To “learn” from favorable reactions, our algorithm examined data from patients with reduced TNF levels in the presence or absence of medication. It then put the multi-omic, demographic, and pharmacological data from the IBD patients into an “explainable AI pharmacogenomics workflow,” indicating which factors were most important in predicting the efficacy of various IBD medications.
Overcoming the problem of overfitting
Researchers employed two techniques for feature selection before model training to address their data’s “high dimensionality” issue of tens of thousands of genetic characteristics defining a small population of 25 patients.
Firstly, using statistical association analyses, they decreased the dimensionality of their dataset from 33,590 characteristics to around 40 genetic, demographic, and pharmaceutical variables.
Secondly, they selected genetic variants related to Crohn’s disease and ulcerative colitis as input characteristics using biological domain expertise and literature. Overfitting was avoided thanks to this and the use of typical cross-validation approaches.

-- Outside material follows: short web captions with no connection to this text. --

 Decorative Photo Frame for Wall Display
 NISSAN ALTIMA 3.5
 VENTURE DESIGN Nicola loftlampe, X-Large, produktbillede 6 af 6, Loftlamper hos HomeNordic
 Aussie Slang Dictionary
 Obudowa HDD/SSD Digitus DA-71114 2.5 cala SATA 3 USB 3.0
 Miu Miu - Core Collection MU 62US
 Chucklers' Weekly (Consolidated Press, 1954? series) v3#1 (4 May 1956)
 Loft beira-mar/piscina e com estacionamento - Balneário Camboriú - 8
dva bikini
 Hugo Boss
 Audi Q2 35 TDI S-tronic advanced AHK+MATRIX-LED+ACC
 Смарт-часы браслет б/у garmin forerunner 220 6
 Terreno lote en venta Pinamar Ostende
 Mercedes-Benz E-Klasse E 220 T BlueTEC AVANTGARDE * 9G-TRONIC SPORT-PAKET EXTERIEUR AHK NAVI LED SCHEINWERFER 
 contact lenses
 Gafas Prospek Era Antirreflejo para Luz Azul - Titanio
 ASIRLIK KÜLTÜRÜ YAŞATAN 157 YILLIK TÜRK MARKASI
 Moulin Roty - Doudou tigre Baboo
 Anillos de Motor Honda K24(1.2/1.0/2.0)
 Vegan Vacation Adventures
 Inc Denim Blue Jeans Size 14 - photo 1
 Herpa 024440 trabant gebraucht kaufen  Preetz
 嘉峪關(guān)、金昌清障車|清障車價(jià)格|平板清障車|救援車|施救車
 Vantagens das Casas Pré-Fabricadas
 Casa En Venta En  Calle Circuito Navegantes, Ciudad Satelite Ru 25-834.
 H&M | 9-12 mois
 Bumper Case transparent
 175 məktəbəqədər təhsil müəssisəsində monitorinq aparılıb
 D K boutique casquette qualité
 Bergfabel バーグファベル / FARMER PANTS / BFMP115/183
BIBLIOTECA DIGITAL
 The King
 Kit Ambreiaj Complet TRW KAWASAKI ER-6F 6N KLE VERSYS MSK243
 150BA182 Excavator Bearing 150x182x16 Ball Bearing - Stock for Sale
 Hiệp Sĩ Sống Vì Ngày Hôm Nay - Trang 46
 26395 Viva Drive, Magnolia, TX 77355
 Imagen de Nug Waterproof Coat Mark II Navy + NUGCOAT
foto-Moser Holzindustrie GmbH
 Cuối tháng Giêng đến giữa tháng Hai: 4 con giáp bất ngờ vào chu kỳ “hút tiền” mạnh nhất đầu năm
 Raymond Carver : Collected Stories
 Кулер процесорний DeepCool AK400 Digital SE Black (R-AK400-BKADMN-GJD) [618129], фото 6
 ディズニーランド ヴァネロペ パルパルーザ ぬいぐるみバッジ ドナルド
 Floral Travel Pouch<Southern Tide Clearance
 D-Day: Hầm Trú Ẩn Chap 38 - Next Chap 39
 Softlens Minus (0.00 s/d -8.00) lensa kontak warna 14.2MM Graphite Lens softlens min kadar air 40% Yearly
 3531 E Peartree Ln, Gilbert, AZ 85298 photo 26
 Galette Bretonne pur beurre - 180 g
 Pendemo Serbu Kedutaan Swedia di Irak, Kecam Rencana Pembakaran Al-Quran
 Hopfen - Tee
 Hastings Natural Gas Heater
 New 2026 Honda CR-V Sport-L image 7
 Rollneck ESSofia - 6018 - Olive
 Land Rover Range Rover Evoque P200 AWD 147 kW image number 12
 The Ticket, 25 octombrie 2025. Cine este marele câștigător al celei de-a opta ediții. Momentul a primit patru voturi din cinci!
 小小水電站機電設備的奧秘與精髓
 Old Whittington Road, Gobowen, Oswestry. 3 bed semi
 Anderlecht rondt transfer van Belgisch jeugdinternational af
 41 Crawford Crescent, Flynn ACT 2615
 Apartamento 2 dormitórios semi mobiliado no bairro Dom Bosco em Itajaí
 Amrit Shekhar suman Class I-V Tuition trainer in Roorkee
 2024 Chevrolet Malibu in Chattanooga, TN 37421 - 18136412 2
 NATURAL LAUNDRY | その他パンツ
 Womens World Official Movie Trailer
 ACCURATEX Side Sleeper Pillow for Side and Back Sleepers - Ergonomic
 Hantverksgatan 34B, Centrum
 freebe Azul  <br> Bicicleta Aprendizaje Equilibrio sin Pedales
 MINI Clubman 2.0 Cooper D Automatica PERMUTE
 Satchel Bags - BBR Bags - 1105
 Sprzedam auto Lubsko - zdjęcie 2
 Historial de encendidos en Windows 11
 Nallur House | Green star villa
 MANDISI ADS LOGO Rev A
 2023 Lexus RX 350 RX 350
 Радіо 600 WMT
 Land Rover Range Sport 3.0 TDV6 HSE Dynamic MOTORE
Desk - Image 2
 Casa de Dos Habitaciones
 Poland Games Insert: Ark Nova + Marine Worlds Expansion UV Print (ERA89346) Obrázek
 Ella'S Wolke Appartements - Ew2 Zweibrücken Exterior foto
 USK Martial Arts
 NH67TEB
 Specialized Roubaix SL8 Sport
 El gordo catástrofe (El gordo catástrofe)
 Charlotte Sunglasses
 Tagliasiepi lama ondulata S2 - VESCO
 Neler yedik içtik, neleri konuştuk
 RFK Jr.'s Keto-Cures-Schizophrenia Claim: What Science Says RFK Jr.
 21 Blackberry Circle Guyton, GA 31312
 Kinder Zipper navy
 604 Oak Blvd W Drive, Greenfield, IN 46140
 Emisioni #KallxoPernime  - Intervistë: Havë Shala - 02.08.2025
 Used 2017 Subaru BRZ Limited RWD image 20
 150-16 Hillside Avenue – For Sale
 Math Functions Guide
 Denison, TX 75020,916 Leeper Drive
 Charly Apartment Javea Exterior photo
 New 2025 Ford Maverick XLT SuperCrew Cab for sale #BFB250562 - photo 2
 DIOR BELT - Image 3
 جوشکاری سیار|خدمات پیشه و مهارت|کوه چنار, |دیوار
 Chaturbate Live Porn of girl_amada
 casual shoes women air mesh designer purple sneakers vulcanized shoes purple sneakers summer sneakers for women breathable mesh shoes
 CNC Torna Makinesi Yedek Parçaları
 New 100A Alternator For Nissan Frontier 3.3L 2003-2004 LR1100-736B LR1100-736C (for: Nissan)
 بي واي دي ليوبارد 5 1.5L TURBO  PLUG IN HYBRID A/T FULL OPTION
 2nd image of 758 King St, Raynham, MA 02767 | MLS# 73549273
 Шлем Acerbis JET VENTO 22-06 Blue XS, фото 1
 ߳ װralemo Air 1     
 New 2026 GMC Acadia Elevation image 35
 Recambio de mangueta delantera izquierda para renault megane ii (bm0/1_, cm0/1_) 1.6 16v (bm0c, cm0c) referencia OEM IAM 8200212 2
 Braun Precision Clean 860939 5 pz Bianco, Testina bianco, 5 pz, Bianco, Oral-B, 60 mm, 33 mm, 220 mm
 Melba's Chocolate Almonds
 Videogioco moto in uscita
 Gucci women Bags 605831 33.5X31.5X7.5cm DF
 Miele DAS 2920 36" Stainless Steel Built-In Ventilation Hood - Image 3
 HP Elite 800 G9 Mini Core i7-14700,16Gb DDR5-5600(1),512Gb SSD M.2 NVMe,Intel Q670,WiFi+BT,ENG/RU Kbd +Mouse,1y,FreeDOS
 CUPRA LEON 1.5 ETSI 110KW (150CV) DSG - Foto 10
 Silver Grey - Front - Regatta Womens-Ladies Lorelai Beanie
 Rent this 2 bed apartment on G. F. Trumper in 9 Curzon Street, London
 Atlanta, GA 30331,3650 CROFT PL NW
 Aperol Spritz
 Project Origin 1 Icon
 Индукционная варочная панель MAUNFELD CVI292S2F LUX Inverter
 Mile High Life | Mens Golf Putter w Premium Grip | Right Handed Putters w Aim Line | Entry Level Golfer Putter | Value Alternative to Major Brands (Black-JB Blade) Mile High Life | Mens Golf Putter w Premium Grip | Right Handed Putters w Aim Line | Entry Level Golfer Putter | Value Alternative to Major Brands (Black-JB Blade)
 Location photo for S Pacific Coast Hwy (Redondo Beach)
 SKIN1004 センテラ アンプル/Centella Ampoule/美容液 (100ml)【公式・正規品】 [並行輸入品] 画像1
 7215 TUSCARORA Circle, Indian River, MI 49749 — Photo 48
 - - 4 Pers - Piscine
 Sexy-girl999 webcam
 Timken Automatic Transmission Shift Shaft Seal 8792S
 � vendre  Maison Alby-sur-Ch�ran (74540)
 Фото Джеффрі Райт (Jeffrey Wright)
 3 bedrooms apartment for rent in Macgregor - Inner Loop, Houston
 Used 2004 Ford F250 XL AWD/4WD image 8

Their findings revealed differences in medication efficacy based on TNF levels amongst individuals with different demographic, pharmacologic, and genetic characteristics. For example, after treating patients with the anti-inflammatory medication BIRB 796, commonly known as Doramapimod, we discovered novel genetic variants associated with patient responses.
With an error rate of only 4.98 percent on unknown patients, their algorithm predicted the proper medication reaction – for better or worse. These encouraging findings push REPROCELL closer to their aim of reducing the 72 percent of unnecessary adverse medication responses, which might help save costs and lessen patient risk.
Researchers, for example, discovered which combination of genetic, physiological, or demographic variables can cause someone to react in a specific manner. They utilized their explainable AI to accurately forecast patient medication response based on current REPROCELL data and explain why a patient could respond better or worse to particular therapies. Researchers believe that these prognostic characteristics will be turned into biomarkers in the future to assist screen patients and ensure that they receive the appropriate treatment for their IBD from the start of their treatment.
Their research demonstrates how the explainable AI approach may be used to anticipate various targets and test different medications or mechanisms. The investigation will be extended to a broader group of patients in the future to explore the broader use of our technique and demonstrate its impact.